*** GIVEN ENTRIES Section Begins ***

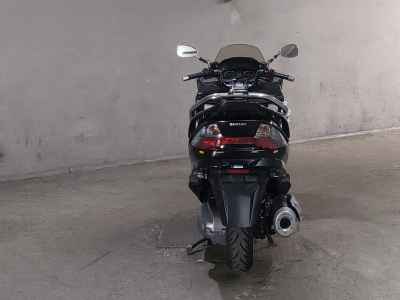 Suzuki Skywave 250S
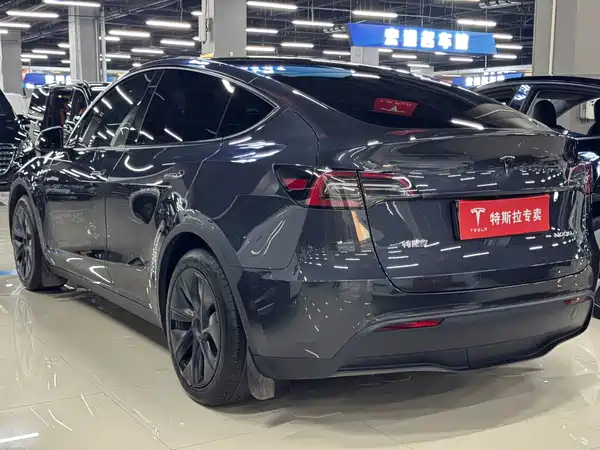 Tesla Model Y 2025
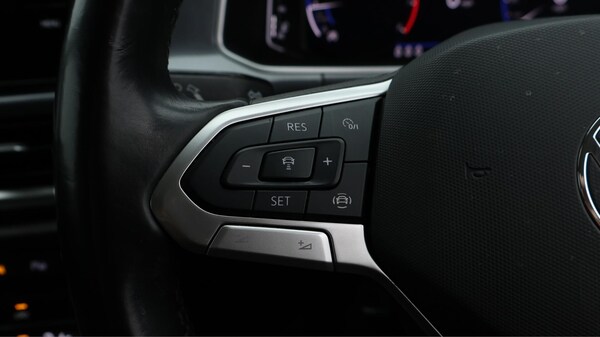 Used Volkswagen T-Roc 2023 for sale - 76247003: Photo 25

*** GIVEN ENTRIES Section Ends ***
*** GIVEN ENTRIES Section Begins ***

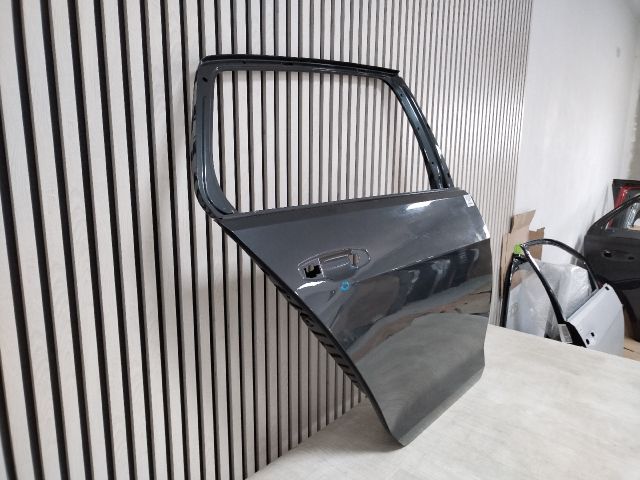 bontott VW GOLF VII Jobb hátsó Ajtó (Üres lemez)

*** GIVEN ENTRIES Section Ends ***

EXERCISE REQUIREMENTS — All lines above from the one containing "Suzuki Skywave 250S" up to and including the one containing "Used Volkswagen T-Roc" are to be set down exactly, and nothing else. Leave images out.

RESULT BELOW —
 Suzuki Skywave 250S
 Tesla Model Y 2025
 Used Volkswagen T-Roc 2023 for sale - 76247003: Photo 25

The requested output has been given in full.